I've been wondering about this for a while. Since we know corporations are people my friend and have all the rights or a person what should stop them from voting. I assume that if pressed a corporation that is 18 years old should be allowed to vote, there's nothing in the constitution prohibiting it. Knowing the current group of yokels in the SC I'm sure we'd see a 6-3 vote codifying the voting rights of a corporation.
Could they be drafted? It would be very efficient way to increase number of combatants if you could just draft a company and send the board+employees to war front...
Corporations are legal persons, but they aren’t natural persons but instead vehicles for actions by natural persons. Granting them voting rights effectively is just granting additional voting rights for the people that control them in proportion of their control, making them effectively a form of selective electoral inequality (and, insofar as as there are government-imposed costs on having a corporation, a form of poll taxes.)
However, the idea of a construct being deemed a person makes no sense given how we define what a person is.
Further, having essentially broken that definition, we have opened the door for all sorts of crazy legal things to happen!
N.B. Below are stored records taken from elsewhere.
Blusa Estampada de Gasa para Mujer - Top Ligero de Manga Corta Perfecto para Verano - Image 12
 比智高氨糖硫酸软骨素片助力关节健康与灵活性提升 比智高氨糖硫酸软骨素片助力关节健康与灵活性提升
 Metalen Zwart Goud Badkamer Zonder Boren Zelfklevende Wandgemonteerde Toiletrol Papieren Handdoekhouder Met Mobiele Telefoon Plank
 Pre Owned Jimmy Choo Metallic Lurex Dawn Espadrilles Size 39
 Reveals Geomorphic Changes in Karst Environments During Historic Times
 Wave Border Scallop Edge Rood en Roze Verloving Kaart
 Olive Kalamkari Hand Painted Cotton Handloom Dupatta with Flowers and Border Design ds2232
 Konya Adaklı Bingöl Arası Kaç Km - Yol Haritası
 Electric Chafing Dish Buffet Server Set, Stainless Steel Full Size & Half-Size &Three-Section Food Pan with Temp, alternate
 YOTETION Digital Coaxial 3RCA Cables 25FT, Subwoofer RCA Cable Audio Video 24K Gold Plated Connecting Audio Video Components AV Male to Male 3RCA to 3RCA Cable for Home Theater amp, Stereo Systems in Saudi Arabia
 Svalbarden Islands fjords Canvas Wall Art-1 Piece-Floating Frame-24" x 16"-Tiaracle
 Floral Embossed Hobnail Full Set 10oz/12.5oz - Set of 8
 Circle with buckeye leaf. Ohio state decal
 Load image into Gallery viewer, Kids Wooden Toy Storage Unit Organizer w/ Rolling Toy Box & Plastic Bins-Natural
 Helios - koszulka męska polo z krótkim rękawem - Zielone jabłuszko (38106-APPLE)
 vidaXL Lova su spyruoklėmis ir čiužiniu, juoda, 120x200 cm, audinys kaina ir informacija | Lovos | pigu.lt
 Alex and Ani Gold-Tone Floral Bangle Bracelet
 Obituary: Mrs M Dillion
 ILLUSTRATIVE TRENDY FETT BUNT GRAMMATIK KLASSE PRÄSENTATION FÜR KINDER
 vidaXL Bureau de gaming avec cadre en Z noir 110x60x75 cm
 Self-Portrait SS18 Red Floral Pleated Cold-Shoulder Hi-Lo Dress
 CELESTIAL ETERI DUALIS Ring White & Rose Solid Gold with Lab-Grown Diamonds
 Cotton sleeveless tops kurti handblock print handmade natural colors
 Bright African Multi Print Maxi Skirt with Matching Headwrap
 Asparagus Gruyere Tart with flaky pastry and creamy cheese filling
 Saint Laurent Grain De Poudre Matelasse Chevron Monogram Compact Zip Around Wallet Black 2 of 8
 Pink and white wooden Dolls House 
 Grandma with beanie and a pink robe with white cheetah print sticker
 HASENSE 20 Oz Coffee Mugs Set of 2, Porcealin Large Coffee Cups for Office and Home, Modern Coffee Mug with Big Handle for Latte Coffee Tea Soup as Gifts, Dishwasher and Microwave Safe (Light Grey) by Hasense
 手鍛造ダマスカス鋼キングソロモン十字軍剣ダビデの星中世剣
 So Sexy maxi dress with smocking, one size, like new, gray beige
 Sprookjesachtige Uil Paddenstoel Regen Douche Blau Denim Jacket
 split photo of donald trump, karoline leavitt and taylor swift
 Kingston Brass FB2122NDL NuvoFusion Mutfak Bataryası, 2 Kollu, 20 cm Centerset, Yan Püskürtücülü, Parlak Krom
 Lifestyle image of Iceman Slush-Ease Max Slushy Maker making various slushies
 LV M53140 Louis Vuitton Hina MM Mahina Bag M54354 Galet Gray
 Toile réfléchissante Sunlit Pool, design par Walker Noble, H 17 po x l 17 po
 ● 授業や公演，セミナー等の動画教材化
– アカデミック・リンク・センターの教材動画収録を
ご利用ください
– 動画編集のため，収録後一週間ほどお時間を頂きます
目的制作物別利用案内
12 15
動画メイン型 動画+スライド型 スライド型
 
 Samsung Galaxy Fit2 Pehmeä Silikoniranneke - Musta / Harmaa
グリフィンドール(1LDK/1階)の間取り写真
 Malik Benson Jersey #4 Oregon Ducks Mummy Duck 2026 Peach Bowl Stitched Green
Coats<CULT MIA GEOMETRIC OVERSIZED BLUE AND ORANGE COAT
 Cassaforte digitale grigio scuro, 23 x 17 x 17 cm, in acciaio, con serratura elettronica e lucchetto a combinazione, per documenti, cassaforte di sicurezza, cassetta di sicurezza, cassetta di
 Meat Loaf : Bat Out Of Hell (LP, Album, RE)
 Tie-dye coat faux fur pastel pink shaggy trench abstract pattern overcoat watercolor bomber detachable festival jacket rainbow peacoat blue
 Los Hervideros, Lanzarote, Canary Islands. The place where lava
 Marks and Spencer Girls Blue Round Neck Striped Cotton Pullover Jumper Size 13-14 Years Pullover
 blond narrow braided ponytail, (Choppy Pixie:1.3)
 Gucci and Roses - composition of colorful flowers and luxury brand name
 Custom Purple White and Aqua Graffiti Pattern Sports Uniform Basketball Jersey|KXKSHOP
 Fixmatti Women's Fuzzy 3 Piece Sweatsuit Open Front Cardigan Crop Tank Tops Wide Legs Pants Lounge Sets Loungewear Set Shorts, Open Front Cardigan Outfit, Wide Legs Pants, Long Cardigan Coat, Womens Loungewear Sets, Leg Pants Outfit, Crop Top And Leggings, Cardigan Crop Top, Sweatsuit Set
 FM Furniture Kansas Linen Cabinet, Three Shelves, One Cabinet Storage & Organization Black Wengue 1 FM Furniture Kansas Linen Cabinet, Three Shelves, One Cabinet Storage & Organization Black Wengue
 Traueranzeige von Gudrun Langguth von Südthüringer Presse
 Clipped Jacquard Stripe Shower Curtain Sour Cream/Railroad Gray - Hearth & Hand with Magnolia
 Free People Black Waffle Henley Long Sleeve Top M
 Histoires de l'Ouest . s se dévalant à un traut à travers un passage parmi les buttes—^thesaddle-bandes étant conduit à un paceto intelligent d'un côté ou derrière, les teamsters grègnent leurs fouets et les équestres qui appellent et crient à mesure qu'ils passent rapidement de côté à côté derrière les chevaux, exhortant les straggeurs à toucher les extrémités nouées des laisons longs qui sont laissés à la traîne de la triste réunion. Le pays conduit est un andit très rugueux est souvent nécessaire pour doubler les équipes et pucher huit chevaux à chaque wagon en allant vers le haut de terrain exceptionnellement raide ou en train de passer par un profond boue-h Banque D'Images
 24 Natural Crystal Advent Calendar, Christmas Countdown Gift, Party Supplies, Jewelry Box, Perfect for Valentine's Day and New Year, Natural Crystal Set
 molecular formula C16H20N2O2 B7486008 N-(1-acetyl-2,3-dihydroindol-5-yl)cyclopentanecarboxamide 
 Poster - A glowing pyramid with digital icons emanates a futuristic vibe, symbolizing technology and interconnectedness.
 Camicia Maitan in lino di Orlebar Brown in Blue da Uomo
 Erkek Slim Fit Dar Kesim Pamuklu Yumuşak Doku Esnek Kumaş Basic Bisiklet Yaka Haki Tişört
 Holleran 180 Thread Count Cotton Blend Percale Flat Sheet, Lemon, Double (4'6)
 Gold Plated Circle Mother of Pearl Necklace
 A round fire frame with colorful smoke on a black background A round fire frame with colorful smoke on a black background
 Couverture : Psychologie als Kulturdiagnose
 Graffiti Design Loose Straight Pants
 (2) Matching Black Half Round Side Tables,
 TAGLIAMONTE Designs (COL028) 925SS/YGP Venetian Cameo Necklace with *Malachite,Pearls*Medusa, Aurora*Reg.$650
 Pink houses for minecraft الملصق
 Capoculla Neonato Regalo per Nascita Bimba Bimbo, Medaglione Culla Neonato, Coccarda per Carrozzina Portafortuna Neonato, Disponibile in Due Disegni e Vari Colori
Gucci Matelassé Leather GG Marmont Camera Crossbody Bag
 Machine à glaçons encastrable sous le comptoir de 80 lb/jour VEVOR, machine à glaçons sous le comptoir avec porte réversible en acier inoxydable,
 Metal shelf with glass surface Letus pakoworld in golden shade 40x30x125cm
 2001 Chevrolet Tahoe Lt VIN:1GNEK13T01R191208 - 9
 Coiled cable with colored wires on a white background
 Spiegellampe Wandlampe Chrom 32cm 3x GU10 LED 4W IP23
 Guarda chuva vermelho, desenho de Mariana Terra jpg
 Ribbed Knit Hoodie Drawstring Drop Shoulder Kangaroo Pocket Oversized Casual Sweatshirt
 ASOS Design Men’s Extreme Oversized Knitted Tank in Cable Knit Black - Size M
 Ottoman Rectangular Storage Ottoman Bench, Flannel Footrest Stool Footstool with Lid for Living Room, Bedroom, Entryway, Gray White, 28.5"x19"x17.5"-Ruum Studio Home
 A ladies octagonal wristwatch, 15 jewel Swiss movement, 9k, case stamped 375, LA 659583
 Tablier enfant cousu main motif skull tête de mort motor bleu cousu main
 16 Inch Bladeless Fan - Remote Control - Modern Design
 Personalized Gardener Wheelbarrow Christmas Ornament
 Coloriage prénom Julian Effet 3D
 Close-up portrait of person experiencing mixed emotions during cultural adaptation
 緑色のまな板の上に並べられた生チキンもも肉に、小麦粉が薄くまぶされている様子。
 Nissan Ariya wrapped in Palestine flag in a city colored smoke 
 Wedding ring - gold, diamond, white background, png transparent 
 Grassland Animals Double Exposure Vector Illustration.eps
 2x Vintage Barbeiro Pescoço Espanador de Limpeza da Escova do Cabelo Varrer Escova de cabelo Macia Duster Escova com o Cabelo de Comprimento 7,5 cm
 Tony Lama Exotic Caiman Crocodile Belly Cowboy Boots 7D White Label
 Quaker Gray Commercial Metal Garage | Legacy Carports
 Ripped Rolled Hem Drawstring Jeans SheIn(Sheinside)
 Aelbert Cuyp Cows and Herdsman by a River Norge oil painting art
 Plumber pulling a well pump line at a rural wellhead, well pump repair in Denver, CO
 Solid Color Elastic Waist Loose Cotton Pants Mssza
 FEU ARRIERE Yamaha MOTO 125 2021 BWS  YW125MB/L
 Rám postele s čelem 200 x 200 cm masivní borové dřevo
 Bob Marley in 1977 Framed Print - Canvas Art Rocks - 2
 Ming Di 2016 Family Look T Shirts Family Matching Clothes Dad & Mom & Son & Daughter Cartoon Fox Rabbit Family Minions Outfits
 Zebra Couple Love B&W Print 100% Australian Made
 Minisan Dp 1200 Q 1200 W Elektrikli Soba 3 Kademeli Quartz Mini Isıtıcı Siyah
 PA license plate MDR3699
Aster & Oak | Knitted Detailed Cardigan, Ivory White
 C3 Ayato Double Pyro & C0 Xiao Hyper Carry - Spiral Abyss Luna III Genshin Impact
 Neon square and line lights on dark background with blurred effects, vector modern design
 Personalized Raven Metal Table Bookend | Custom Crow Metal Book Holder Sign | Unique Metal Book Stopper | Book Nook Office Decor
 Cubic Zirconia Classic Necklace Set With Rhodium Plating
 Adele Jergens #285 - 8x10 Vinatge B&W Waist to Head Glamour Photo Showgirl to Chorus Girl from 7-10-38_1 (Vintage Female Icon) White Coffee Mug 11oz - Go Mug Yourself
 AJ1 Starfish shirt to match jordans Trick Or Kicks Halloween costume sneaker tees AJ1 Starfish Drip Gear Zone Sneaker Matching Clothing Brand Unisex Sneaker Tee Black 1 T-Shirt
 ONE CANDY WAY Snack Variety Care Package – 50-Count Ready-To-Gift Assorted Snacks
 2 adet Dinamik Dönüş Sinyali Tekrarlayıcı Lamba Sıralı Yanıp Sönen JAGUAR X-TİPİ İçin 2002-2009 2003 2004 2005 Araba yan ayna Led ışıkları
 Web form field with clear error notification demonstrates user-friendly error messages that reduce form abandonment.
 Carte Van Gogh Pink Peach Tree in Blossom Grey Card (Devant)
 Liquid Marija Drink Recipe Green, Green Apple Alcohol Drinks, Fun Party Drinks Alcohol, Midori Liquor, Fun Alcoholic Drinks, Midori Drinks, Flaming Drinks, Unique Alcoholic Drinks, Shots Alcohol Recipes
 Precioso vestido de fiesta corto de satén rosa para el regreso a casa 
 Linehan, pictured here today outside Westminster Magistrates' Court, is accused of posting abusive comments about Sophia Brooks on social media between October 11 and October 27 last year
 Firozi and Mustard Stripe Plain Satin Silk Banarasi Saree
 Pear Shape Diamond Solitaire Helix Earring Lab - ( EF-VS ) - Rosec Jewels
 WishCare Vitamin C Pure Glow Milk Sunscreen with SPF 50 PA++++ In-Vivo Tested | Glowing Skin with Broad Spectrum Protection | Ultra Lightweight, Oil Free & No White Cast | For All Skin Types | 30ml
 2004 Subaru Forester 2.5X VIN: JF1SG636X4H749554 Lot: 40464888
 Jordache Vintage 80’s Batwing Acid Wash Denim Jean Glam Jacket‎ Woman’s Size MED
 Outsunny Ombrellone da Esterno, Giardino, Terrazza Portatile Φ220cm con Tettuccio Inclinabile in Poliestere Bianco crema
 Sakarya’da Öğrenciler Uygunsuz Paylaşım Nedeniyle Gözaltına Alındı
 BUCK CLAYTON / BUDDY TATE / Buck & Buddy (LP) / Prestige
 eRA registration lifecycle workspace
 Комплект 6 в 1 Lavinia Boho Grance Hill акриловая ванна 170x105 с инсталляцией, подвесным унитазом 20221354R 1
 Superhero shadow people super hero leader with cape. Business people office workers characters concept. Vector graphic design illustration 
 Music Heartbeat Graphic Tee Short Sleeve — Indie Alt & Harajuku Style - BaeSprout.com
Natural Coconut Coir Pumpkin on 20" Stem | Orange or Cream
Anything can be a person. Anything can be anything, taken to extremes.
In addition to voting issues you mention, having the corporation as person means some of us have agency others do not due to how we operate companies. The owners have a shield for all sorts of otherwise expensive and risky behavior. Great as well as evil actions are possible, affordable and it is not necessary we allow these things.
I mean isn't that what we have with a self-driving car? Who do you sue when that car plows into a group of nuns that the algorithm mistook as a black hole? Who's the driver, the passenger sitting in the left front seat or the company with shitty code?
Politically? Sure, but it’s not like the idea has never existed before. You can try anything politically, independent of whether it’s a good idea, bad idea, viable or unviable.
The constitution leaves qualifications for voting up to the states. If Delaware allows corporations to in certain state elections, it would follow that they’d be able to vote for congressional seats as well.
From article 1:
>The House of Representatives shall be composed of Members chosen every second Year by the People of the several States, and the Electors in each State shall have the Qualifications requisite for Electors of the most numerous Branch of the State Legislature.
Specifically, the 14th amendment's equal protection clause is seen to apply to voting rights (of which apportionment is perhaps the most unclear, but literally giving individuals multiple votes, as opposed to different weights is sort of a beyond obvious violation).